Uma
história real
Por Marco Vaza
A história de Pauline Parker e Juliet Hulme não
acabou na altura em que termina o filme de Peter Jackson e o que
se passou a seguir poderia facilmente dar origem a uma sequela.
Após o julgamento, as duas raparigas, que só não
foram condenadas à pena de morte porque não tinham
idade, foram enviadas para prisões diferentes e não
se voltou a ouvir falar delas. Soube-se apenas que Pauline, que
foi quem desferiu o golpe fatal em Honora Parker, tentou o suicídio
antes de cumprir cinco anos de prisão, e que Juliet regressou
a Inglaterra também depois de cinco anos na prisão
– foram libertadas com a condição de não
voltarem a ver-se. Durante 40 anos, o paradeiro das duas raparigas
foi desconhecido. Depois, em 1994, “Amizade sem Limites”
estreou e descobriu-se que Juliet Hulme tinha assumindo a identidade
de Anne Perry, uma escritora que ganhou fama e fortuna a escrever
romances policiais. Perry, que diz nunca ter visto o filme de Jackson,
admitiu o seu passado mas nunca comentou muito o assunto, salvo
raras excepções, como a entrevista em Novembro do
ano passado ao diário inglês “Daily Telegraph”.
“Fiz os possíveis para esquecer”, conta Perry,
que recusa ser identificada com a pessoa que era aos 15 anos. “Eu
sou Anne Perry. Penso em mim como Anne Perry. Não tenho outro
remédio.” Meio século depois dos acontecimentos
de Christchurch, Anne/Juliet recorda com algum distanciamento a
sua relação com Pauline: “Era apenas mais uma
das amigas. Ela adorava estar na minha casa, perto do estilo de
vida da minha família.” Procura também minimizar
o seu envolvimento no crime que vitimou Honora Parker, encontrada
encharcada em sangue depois de ter sido espancada até à
morte com 45 golpes de um tijolo enrolado numa meia. Diz que se
sentia em dívida para com Pauline, por esta ter estado ao
seu lado enquanto convalescia de uma tuberculose – “Não
tenho problemas em admitir que, por uma vez, cedi à pressão
de fazer algo errado e coloquei a lealdade em primeiro lugar”.

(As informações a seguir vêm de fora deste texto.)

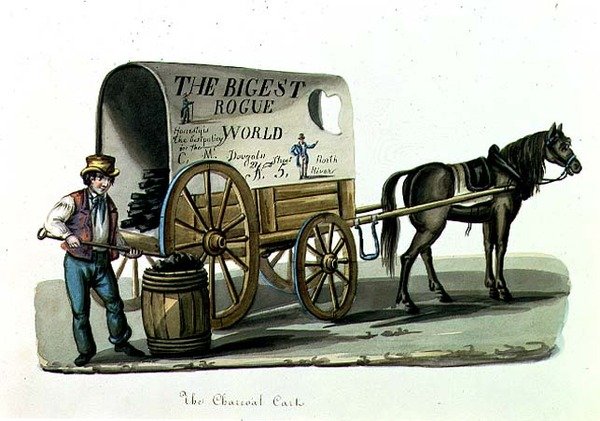 The Charcoal Cart, c.1840-44 (akvarel na papíře) od Nicolino Calyo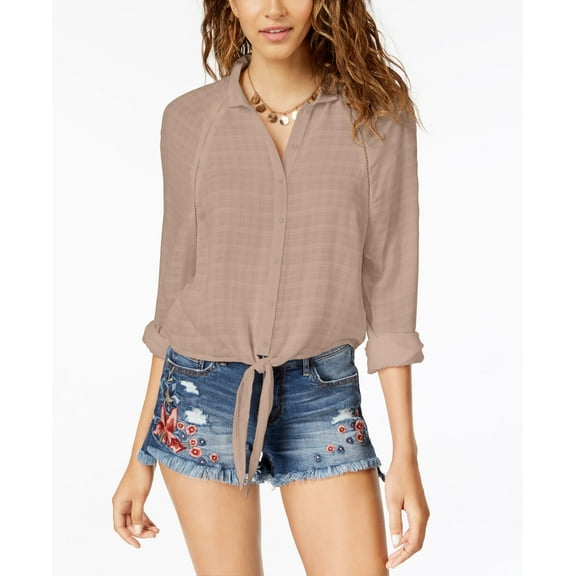 American Rag Juniors Tie Front Shirt Fresco Pink 2XS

Os diários de Pauline insinuavam que as duas seriam amantes,
uma dimensão da relação bastante explícita
no filme de Peter Jackson. Anne Perry nega: “A nossa amizade
nunca teve uma conotação sexual. Estávamos
nos anos 50. Eu era ingénua em relação a muitas
coisas, mas tenho a certeza que não éramos amantes.”
Quanto ao destino de Pauline, que saiu da prisão duas semanas
depois de Juliet, permaneceu um mistério durante mais alguns
anos, até ter sido descoberta em Kent a viver como Hilary
Nathan, professora numa escola de equitação para raparigas.
Apesar de as duas mulheres – que nunca casaram ou tiveram
filhos – viverem no mesmo país, não voltaram
a encontrar-se, e é provável que tal nunca venha a
acontecer. Hilary/ Pauline, nunca aceitou falar sobre o seu passado,
mas Anne/ Juliet diz que não quer rever a amiga: “Voltar
a encontrá-la seria o meu pior pesadelo.”